This summer, a dam on West Brook in Islip partially failed and drained the man-made lake known as West Brook Pond. For the first time in more than 100 years, the stream was able to run unobstructed from its headwaters in Bayard Cutting Arboretum State Park to the Great South Bay.
This might sound unremarkable, but of the more than 100 rivers and streams on Long Island, only a handful could make such a boast. In the past, most were dammed to power mills, for harvesting ice and cranberries, or for irrigation or recreation.
While few of these dams still serve their original purpose, all continue to impose a significant ecological cost. Dams destroy riverine connectivity, prevent the movement of wildlife, heat up impounded and downstream water, and trap sediments that are needed downstream. Most damaging, however, is the impact the dams have on river herring and American eels — native fish that need to move between fresh and salt water.
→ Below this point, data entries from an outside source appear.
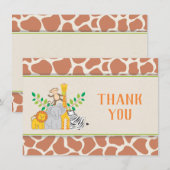 Oerwoud Dieren Safari Baby shower Hartelijk dank Bedankkaart (Voorkant / Achterkant)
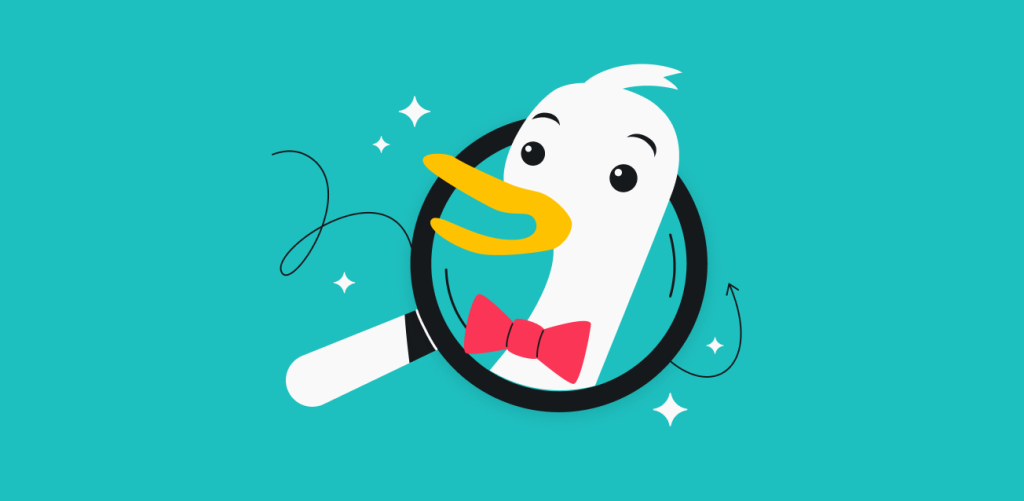 a duck with a bowtie inside of a magnifying glass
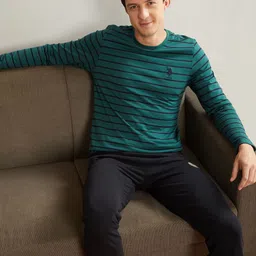 U.S. Polo Assn. Men Striped Lounge Pure Cotton I694 T-shirt-picture-30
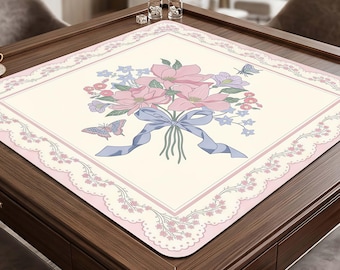 Tapete de Mahjong Floral, Funda para Mesa de Juego con Ramo Vintage, Reducción de Ruido, Base Antideslizante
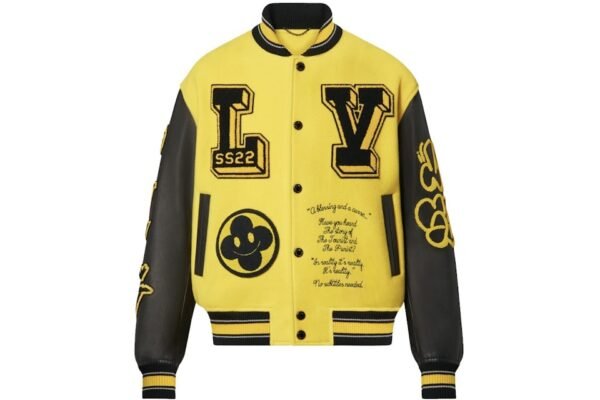 Giacca Louis Vuitton Leather Embroidered Varsity nero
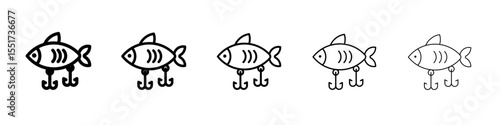 Bait Fishing Minnow icon simple illustration logo art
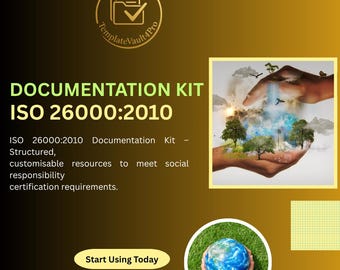 Kit di documentazione ISO 26000:2010 / Modelli di sistema di gestione della responsabilità sociale / Manuale ISO modificabile, procedure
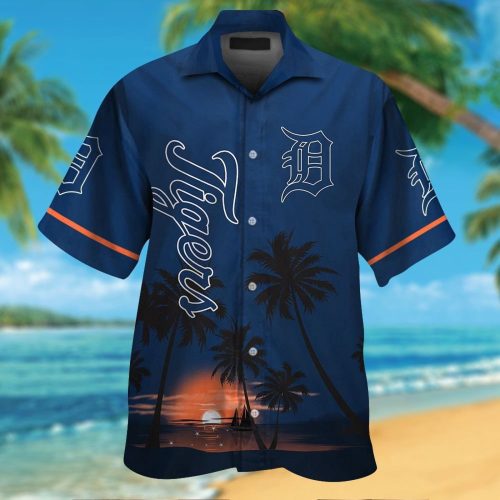 Detroit Tigers Hawaiian Shirt Set – Short Sleeve Button Up Aloha Print for Men and Women – Perfect Fan Gift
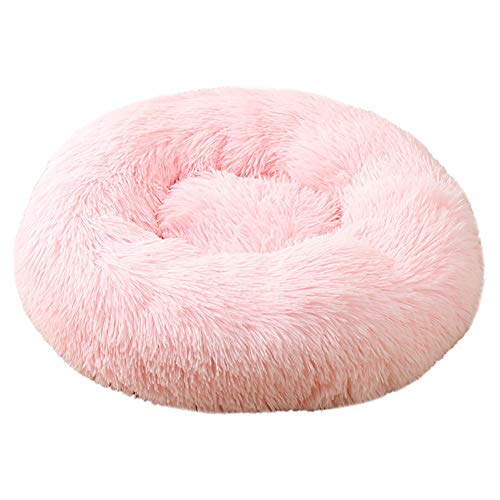 XDKS Donut-Katzenbett aus Plüsch, rund, selbstwarm, beruhigend, für Hunde und Katzen, weiches Sofa, rutschfeste Unterseite, maschinenwaschbar (XL, Hellrosa) von XDKS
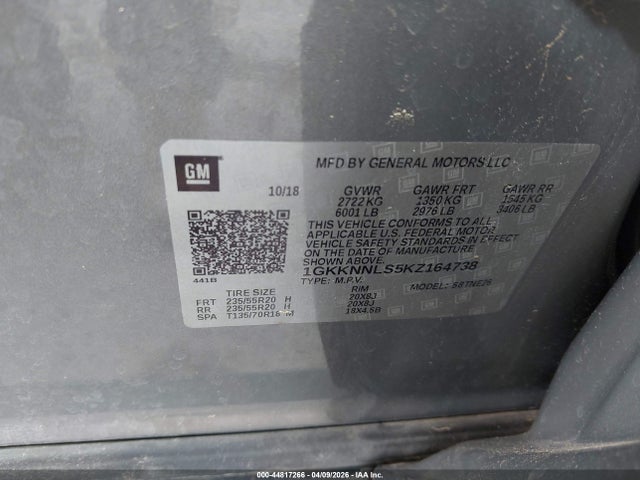 Продажа на аукционе авто 2019 Gmc Acadia Slt-2, vin: 1GKKNNLS5KZ164738, номер лота: 44817266
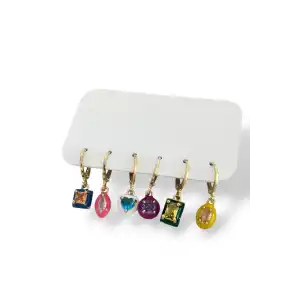 Altın Renk Taş Detaylı 6lı Küpe Set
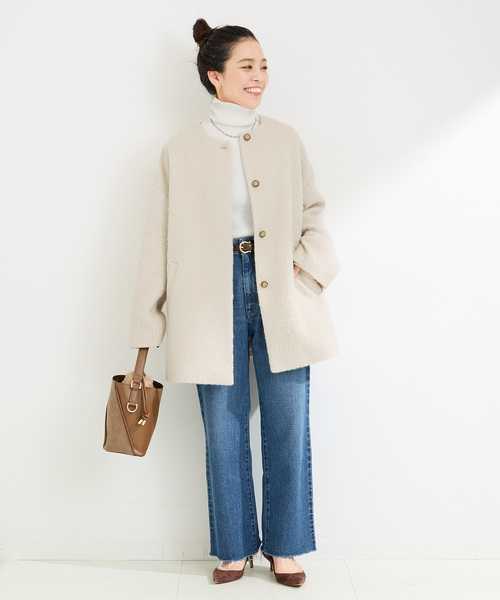 B.C STOCK（ベーセーストック）の「ブークレーノーカラーミドルコート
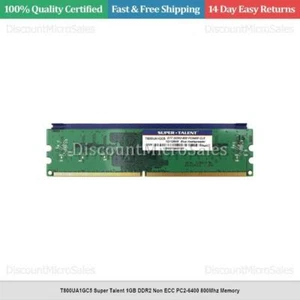T800UA1GC5 Super Talent 1GB DDR2 Non ECC PC2-6400 800Mhz Memory - Picture 1 of 1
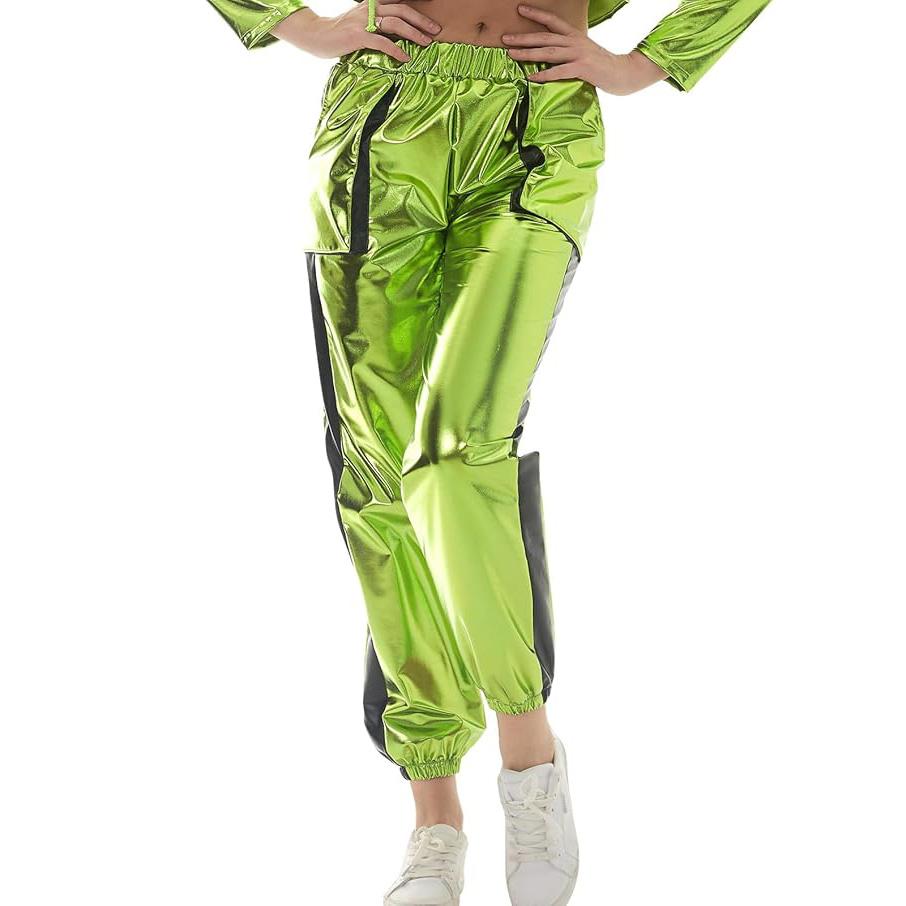 

Женские блестящие голографические эластичные металлические брюки-джоггеры с высокой талией, спортивные брюки в стиле хип-хоп и клубного рейва 2XL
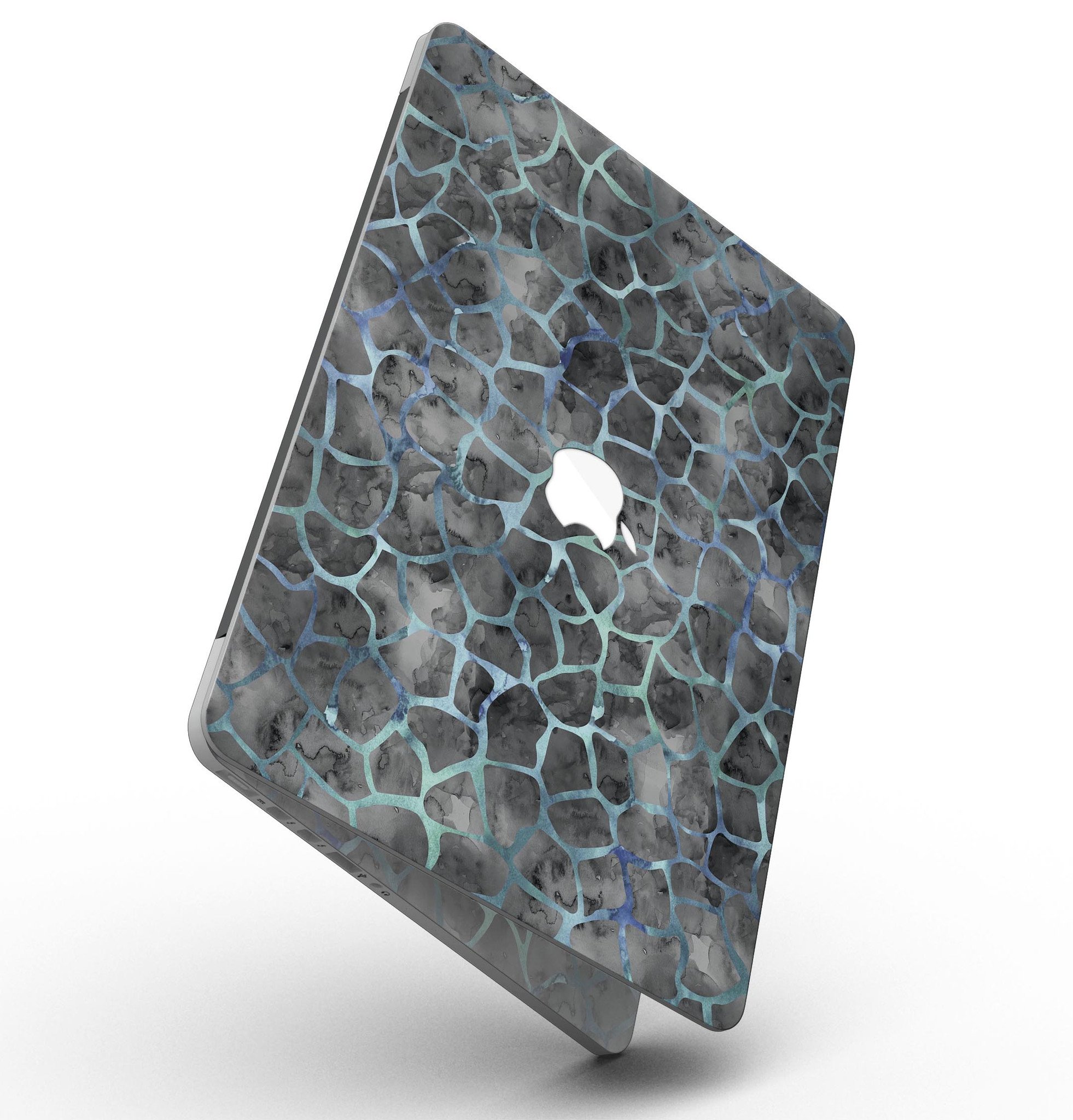 Black and Blue Watercolor Giraffe Pattern skin for MacBook Pro with Retina Display, showcasing vibrant colors and unique design.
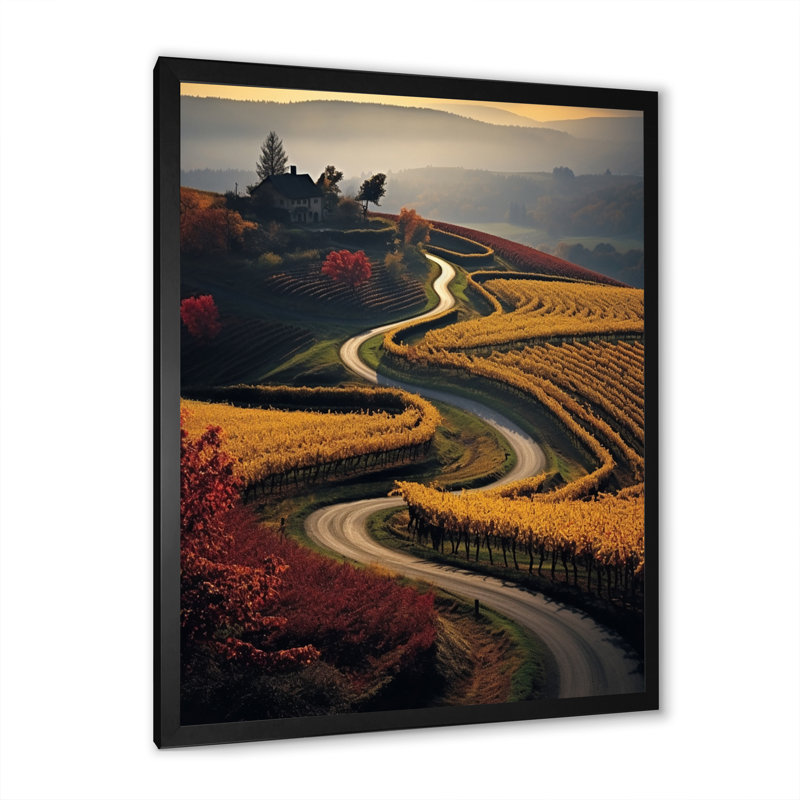 «Scenic Enchanting Vineyard II», impressions sur toile, Cadre photo noir, H 32 po x l 24 po x P 1 po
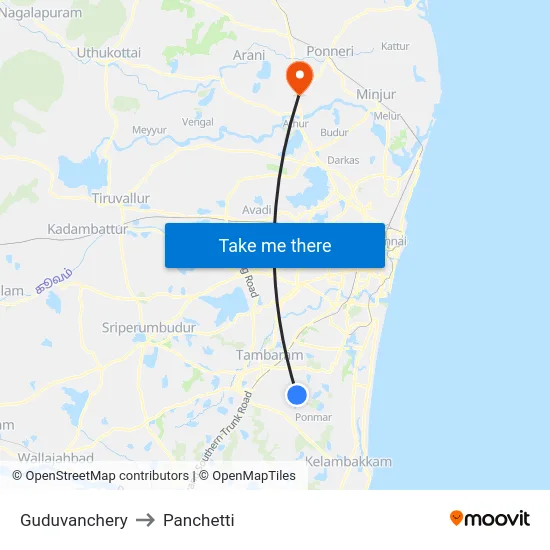 Guduvanchery to Panchetti map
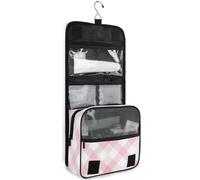junzan Hanging Toiletry Bag for Women Men Gingham Travel Cosmetic Bag with Hook Family Makeup Organizer Dusty Rose, DUSTYROSE01, 18.5"(Unfold) x 9" W x 4" H, Colorful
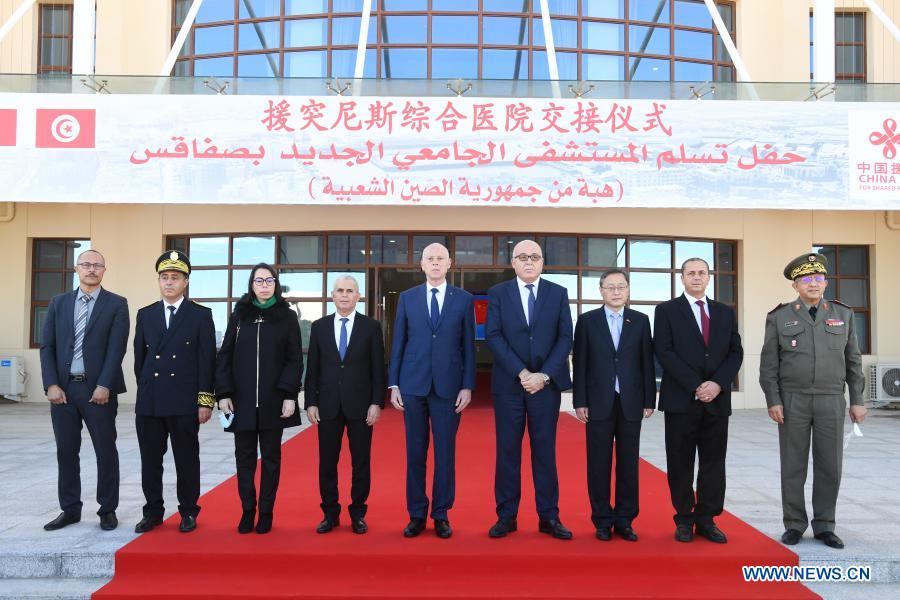 TUNIS, Dec. 10 (Xinhua) -- Tunisian President Kais Saied inaugurated on Thursday the new university hospital in southeastern Tunisia's Sfax Province which has been constructed with Chinese financial aid.The inauguration ceremony was attended by China's Ambassador to Tunisia Zhang Jianguo, Tunisian Defense Minister Ibrahim Bartagi, Minister of Health Faouzi Mehdi as well as two delegations representing the two countries.Upon arriving at the new hospital, Saied attended a video-presentation on the construction of the hospital, before visiting its various departments which include the intensive care unit, the neurology and emergency departments.The Tunisian leader underlined the importance of this project, noting that it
Dams have largely eradicated these fish from Long Island, eliminating the vital role they play in transferring ocean energy and nutrients into our bays, rivers and streams, and in providing forage for everything from osprey to striped bass to seals.
Yet dams also impose a significant economic cost. First, there’s the basic maintenance of aging infrastructure that in most cases is many decades old. This work is low priority and is generally deferred until problems arise. But the clock is ticking and repair costs are rising.
In the meantime, there’s the plant problem. All dams trap sediments; as they do so, they get shallower and eventually provide habitat for aquatic (often invasive) plants to grow and choke out the open water. This overgrowth interferes with the things people appreciate about ponds and lakes: water views and places to fish, boat and swim.
The cost of addressing excessive plant growth isn’t trivial. In 2013, a project to dredge sediments from Upper Lake on the Carmans River cost more than $4 million. Other efforts to drain impoundments and mechanically dredge sediments have been similarly expensive.
The problems associated with aging dams are not isolated — across Long Island there are hundreds of artificial lakes and ponds facing the same problems. But what can be done?
One option is to spend tens of millions of taxpayer funds on costly solutions to maintain the status quo. This expenditure would be a temporary solution, of course — the problems will return in years or decades as sediments continue to fill these man-made lakes and ponds and aquatic plants continue to choke them.
The other — sensible and pragmatic — option is to move beyond the legacy of dams. Instead of investing in obsolete infrastructure that has long stopped serving its original purpose, the time has come to let some of our rivers and streams run free. Doing so would improve the health of the waterways and benefit our overall coastal ecosystem. It also would save many millions in taxpayer dollars. Not every dam needs to be removed, of course, but it’s time to embrace a policy that recognizes that dam removals often serve the greater public interest.
As municipalities across the country have increasingly recognized this reality, thousands of dams have been removed over the past decade. While there has yet to be an intentional dam removal on Long Island, a few dams damaged by storms were not repaired. Two of these de facto dam removals happened in state parks and both produced positive, ecologically beneficial results.
Now, with the storm-damaged dam at West Brook, the state parks department has another opportunity to lead. It should seize this opportunity and allow West Brook to run free to help Long Island move past the costly legacy of aging dams.
Enrico G. Nardone is executive director of the nonprofit Seatuck Environmental Association.